If by same byzantine adversaries you are referring to the same attacks, then no, because the attack space is different. In FedAVG, the byzantine clients operate over the parameter space, while in FedDistill, they operate over the probability simplex of predictions. For example, the gaussian distribution is defined over the real numbers, yet for FedDistill, byzantine clients are constrained to the probability simplex. One could consider some other distribution defined over the simplex such as the uniform or the Dirichlet distribution, but the random label flip will almost surely be stronger as the predictions always lie on the extreme points of the probability simplex, maximizing the amplitude of the attack.
In Section 4 the byzantine resilience of FedDistill, it seems that the authors consider the full-batch gradient only. However, stochastic gradients are the ones that the machine learning community uses in practice. How will the choice of stochastic gradients affect the problem?
Thank you for pointing this out. The analysis can easily be extended to stochastic gradients. We will add it in the final version of the paper.
In Section 4, the authors claim that previous work on byzantine FedDistill focuses mostly on basic label-flipping attacks. Is it possible to consider another classic data poisoning attack: data injection?
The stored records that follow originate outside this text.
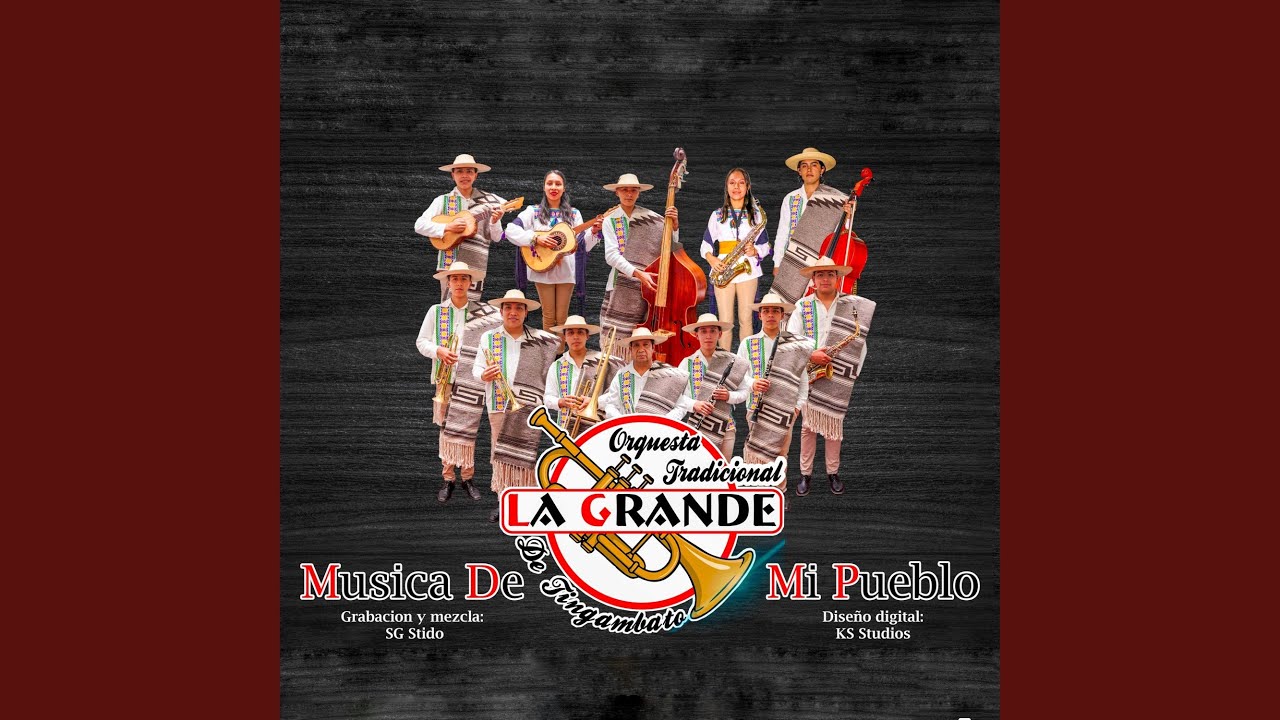 Maestro Albañil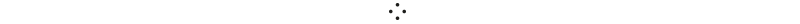 Bullitpoint-806.png
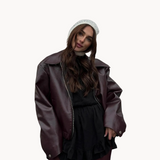 Rosalba Jacket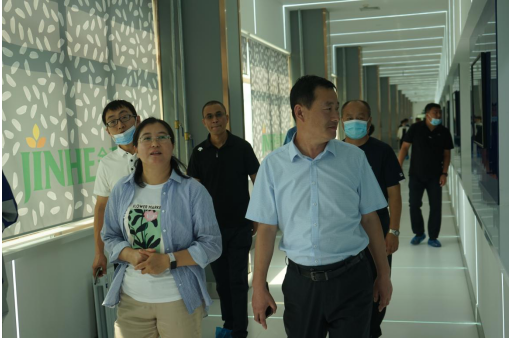 1632644106531589.png image.png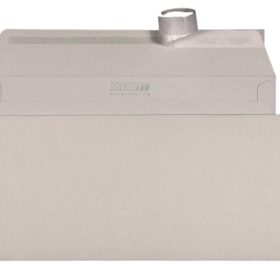 METTLER Couvert ohne Fenster C5/6 7046 100g, recycling 500 Stk.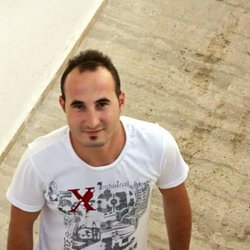 Burhanettin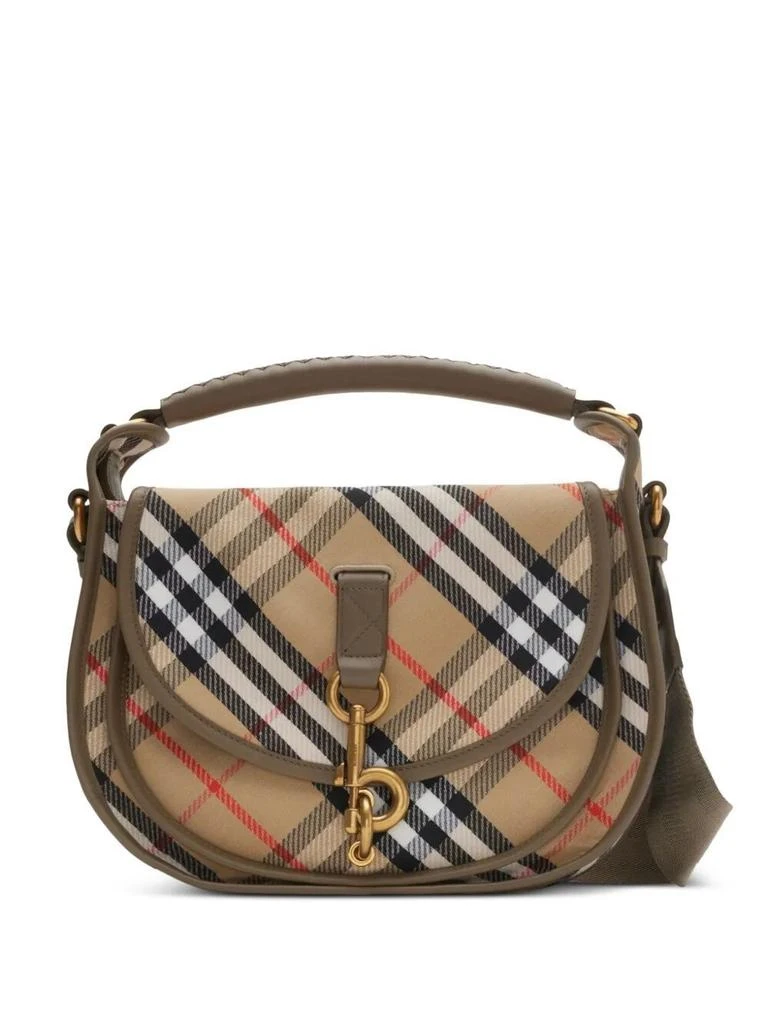 Burberry HANDBAGS 1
In FedDistill, the only way the clients can impact the server is via their predictions on the public dataset. We assume that they cannot modify the public dataset itself. Since the dataset has to be publicly available it seems unrealistic for a byzantine client to be able to modify it. Is that what you refer to with "data injection", adding new samples?
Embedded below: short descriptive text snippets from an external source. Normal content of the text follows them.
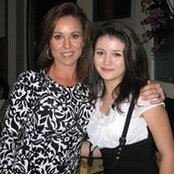 Lisa Dean's photo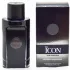 Antonio Banderas The Icon The Perfume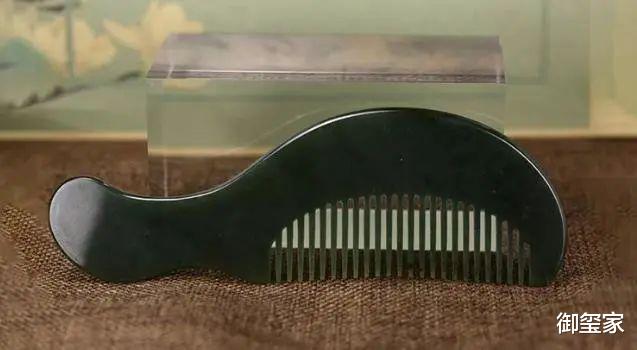 |和田玉青玉贵吗？和田玉青玉什么颜色最好？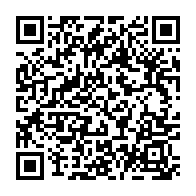 qrcode:https://www.college-kerhallet-brest.ac-rennes.fr/301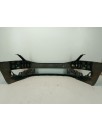 Recambio de paragolpes delantero para skoda octavia iii combi (5e5, 5e6) 2.0 tsi referencia OEM IAM 5E0807221N  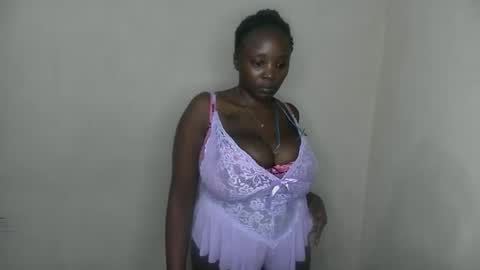 Snapshot of naughtysexydoll2 chatting on October 4, 2025, 9:13 pm naughtysexydoll2 online show from October 4, 2025, 9:13 pm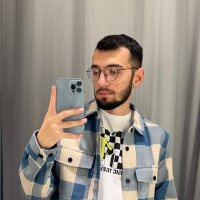 gorkemss profil fotoğrafı
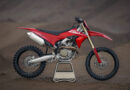 ducati desmo450 mx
In Section 5, is the loss minimization attack a plug-in attack on top of the original data poisoning attack at each Byzantine client?
No, all attacks we consider consist of choosing the byzantine clients predictions in a certain way. As such, one has to decide which attack to choose. We are not sure what you mean by the "original data poisoning attack".
We thank you for your feedback. We hope to have addressed all your concerns. please let us know if you have further comments that help us to improve the paper.
Here are the experimental results we promised regarding the performance of our defenses in benign settings. We compared the performance of the defenses against the mean baseline under these conditions. As shown in the table, the accuracy remains comparable, with only minimal drops in accuracy. These comparisons were conducted without modifying any other hyperparameters, suggesting that these small variations could likely be mitigated by adjusting hyperparameters.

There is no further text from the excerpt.